Conversation
|
This bug still persists: https://gitter.im/red/codecs?at=61b346418853d316403de86f |
|
Gee, I thought it was fixed already, thanks, I’ll fix it again. |
|
Found the problem, it happened only with empty tags. |
|
This PR also needs tests. |
Of course, they will be added. |
|
@dockimbel we're still finalizing this, so don't merge just yet. |
|
Talking now about how best to handle options. |
|
Is there some design document or just a documentation on how the Red datatypes are mapped to XML elements? |
|
https://gitlab.com/rebolek/markup/-/blob/main/README.md docs the output formats. There is no schema type system beyond that (though I built one for Prolific in the past).

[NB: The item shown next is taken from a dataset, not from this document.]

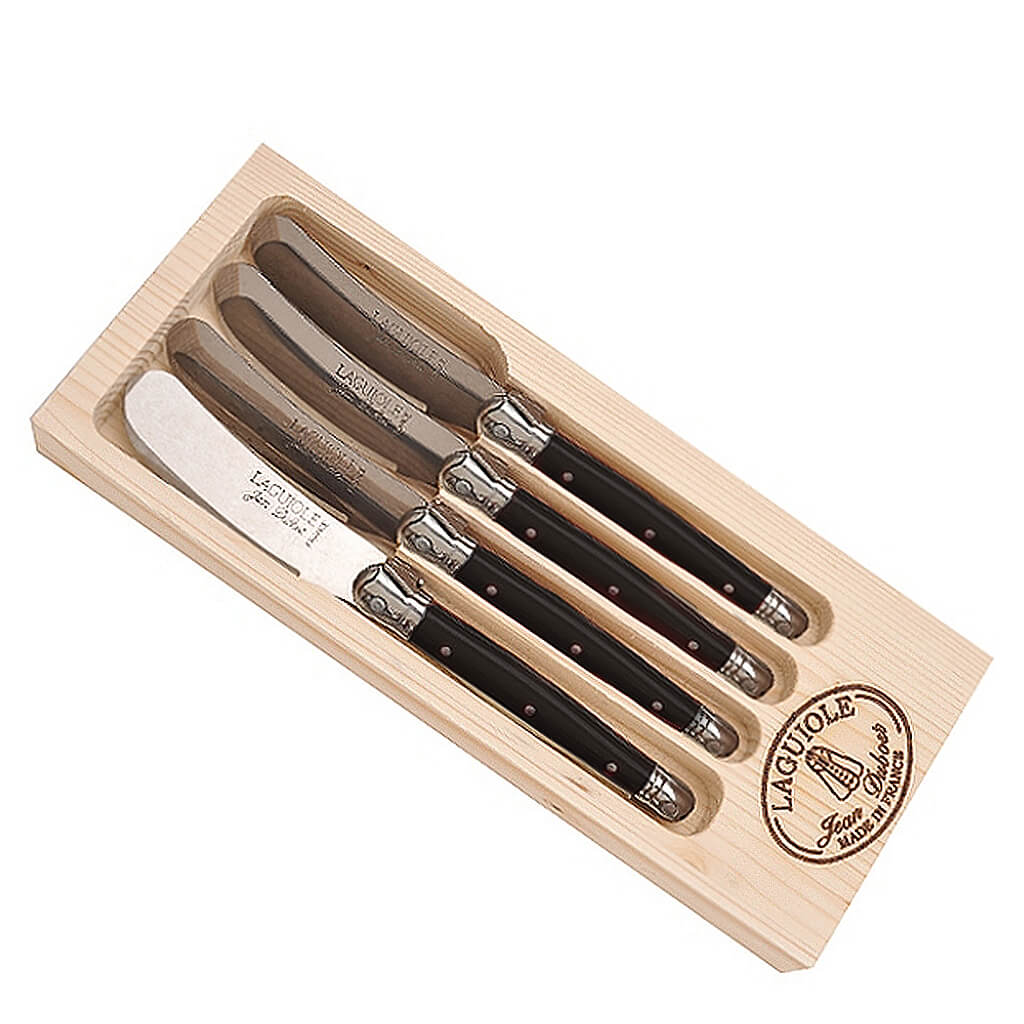 Laguiole Jean Dubost Spreader (Set of 4)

All tags map to words, unless you say to use strings as keys, and all other data is just kept as strings from being parsed. |
| target: [] | ||
| target-stack: [] | ||
|
|
||
| set 'load-xml func [ |
There was a problem hiding this comment.
There is a general problem with how the codecs are implemented. They don't respect the codec API (load/save), but provide adhoc global functions that are circumventing the load/as and save/as ones instead of just been simple handy wrappers on top of them. Though, as this is a global implementation issue in most codecs, I would not veto this PR based on that. I'm just mentioning it here, so that people gets aware of that and of a future refactoring of most codecs.

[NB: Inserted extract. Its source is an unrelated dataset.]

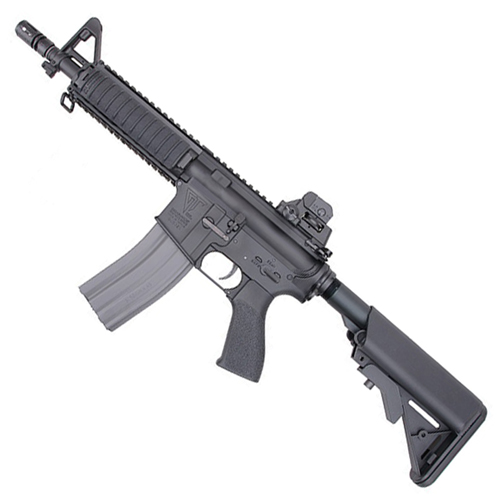 G&G TR15 Raider M4 Carbine AEG Rifle Black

There was a problem hiding this comment.
For codecs that need options, the load/save interface needs to change. /as doesn't give you enough control. That means adding something completely general like /with, which has been a deep discussion for this codec, and how it compares to using refinements. Then encode/decode in each codec need to support a general /with options refinement, whether they need them or not.
I'm open to all suggestions, since we may not add many more standard codecs, but users will write them and we want those to use a consistent approach.
There was a problem hiding this comment.
Today, the load-*/save-* funcs are for when you need more control. We could eliminate some options from the codecs, so they work just as the defaults wrapped by encode/decode (so the calls go load -> decode -> load-* today).
The tradeoff in removing features is more work for users. e.g. we can always output /pretty for JSON, and let users trim/lines if they want. I believe we added /ascii after research on compatibility, but we can also say "forget people stuck with that" and always use UTF-8. For XML, we can always emit one format and post-process to get the others if people want them. That eliminates /as . We can also always include metadata and let users remove or ignore it if it's there. That eliminates /meta. I think /str-keys was there because XML names can be invalid words. We can tell people who hit that problem that those aren't supported, or we can always load them as strings and post-process to words or deal with them as strings; neither of which is great. We can leave out /str-keys for now, and see who complains. Adding it later won't be a breaking change. For those issues, we can normalize the interface and push the problem around. Is that a win overall?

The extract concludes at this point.